-- DATA --
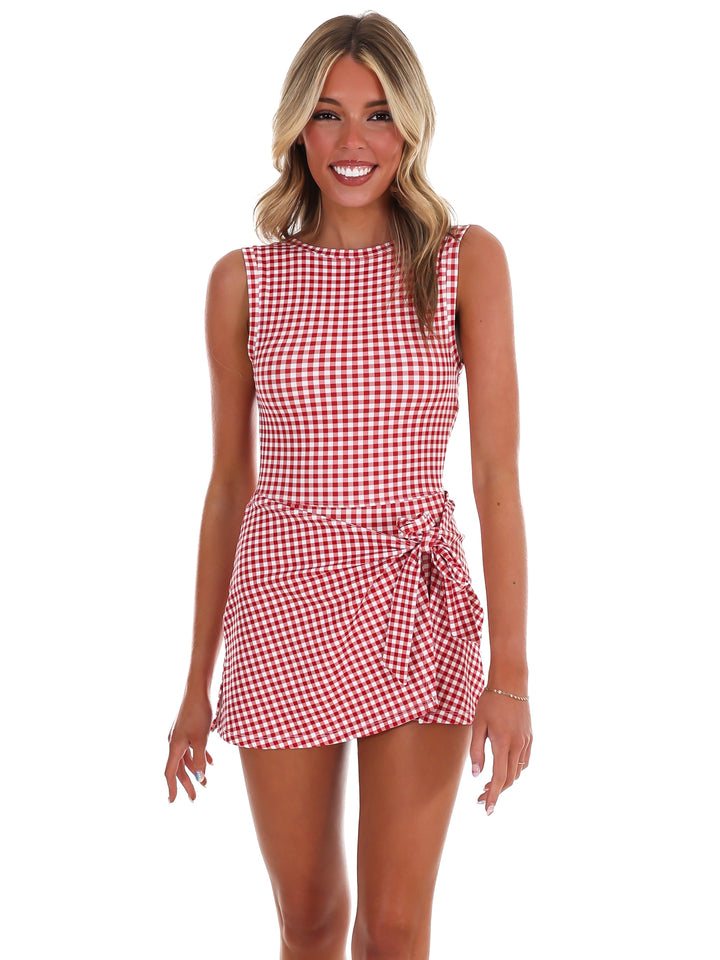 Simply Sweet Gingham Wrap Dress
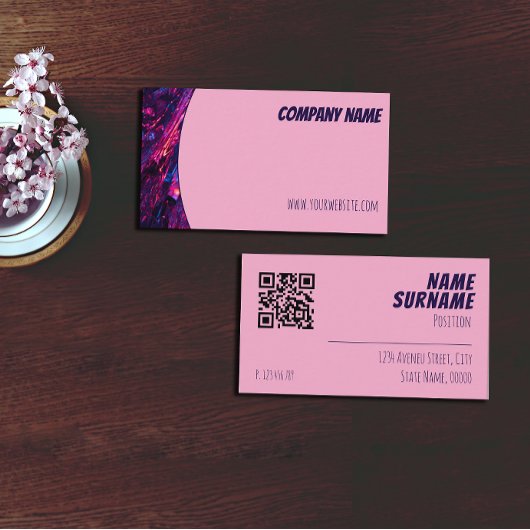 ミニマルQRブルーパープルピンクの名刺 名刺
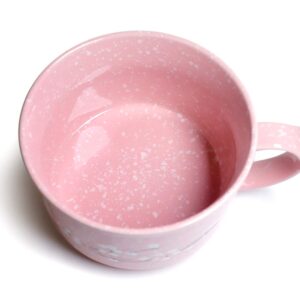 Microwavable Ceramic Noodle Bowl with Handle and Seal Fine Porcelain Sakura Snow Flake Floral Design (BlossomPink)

-- BRIEF --
Starting at the line that holds "ミニマルQRブルーパープルピンクの名刺 名刺", copy each line exactly through the end of the listing, both ends included. Leave the pictures out.

-- OUTPUT OF THE TASK --
 ミニマルQRブルーパープルピンクの名刺 名刺
 Microwavable Ceramic Noodle Bowl with Handle and Seal Fine Porcelain Sakura Snow Flake Floral Design (BlossomPink)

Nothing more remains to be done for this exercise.